Maintain pre-freezing temperature
In the vacuum freeze-drying process, it is necessary to pre-freeze the dried medicines, and then in a vacuum state, the moisture is directly changed from ice to gas to dry the medicines. During the entire sublimation stage, the medicine must be kept in a frozen state, otherwise a product with good properties cannot be obtained. In the stage of drug pre-freezing, the pre-freezing temperature should be strictly controlled (usually a few degrees lower than the eutectic point of the drug). If the pre-freezing temperature is not low enough, the medicine may not be completely frozen, and it will expand and foam during vacuum sublimation; if the pre-freezing temperature is too low, not only will it increase unnecessary energy consumption, but for some biological drugs, it will reduce its Survival rate after lyophilization.

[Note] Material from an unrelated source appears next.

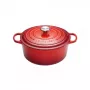 Le Creuset Signature Bräter rund 24 cm Kirschrot (21177240602430)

Focus on sublimation endothermic
Dry sublimation stage, the material needs to absorb heat (per gram of ice fully sublimed into water vapor to absorb about 2.8 kilojoules of heat). If the medicine is not heated or the heat is insufficient, the moisture of the medicine itself will be absorbed when the water sublimates and the temperature of the medicine will be reduced, resulting in a reduction in the vapor pressure of the medicine, which will cause a reduction in the rate of sublimation and the entire drying time will be extended. Productivity decreases; if the drug is heated too much, the sublimation rate of the drug will increase, but after offsetting the heat absorbed by the sublimation of the drug, the excess heat will cause the temperature of the frozen drug to rise, causing the drug to partially or even melt. , Causing the shrinkage and foaming of the medicine, the entire drying will fail.
Automatic control
In order to obtain good lyophilized medicines, according to the performance of each lyophilizer and the characteristics of the drugs, a lyophilization curve should be drawn up on the basis of tests, and then the machine should be controlled to make each stage of the lyophilization process The temperature change is in accordance with the freeze-drying curve established in advance. Vacuum freeze-drying production process control can use the computer to control the production system to work according to the preset freeze-drying curve. For example, the computer's control of the freeze-drying process of streptomycin sulfate can be divided into two stages: the first stage, at a temperature below the melting point, the water is sublimated from the frozen material, about 98% ~ 99% of the water Both were removed at this time. In the second stage, the temperature of the material is gradually increased to or slightly higher than room temperature, and the moisture can be reduced to less than 0.5% through this stage. The pre-freezing temperature in this process is about -40 ℃, and the time is about two hours. During the sublimation stage of freeze-dried drugs, the material temperature is about -30 ℃ ~ -35 ℃, and the absolute pressure is about 4 ~ 7 Pa. The final drying temperature of streptomycin can be raised to 40 ℃, the total drying time is about 18 hours. The use of computer automated control system helps to ensure that the drugs meet the quality requirements.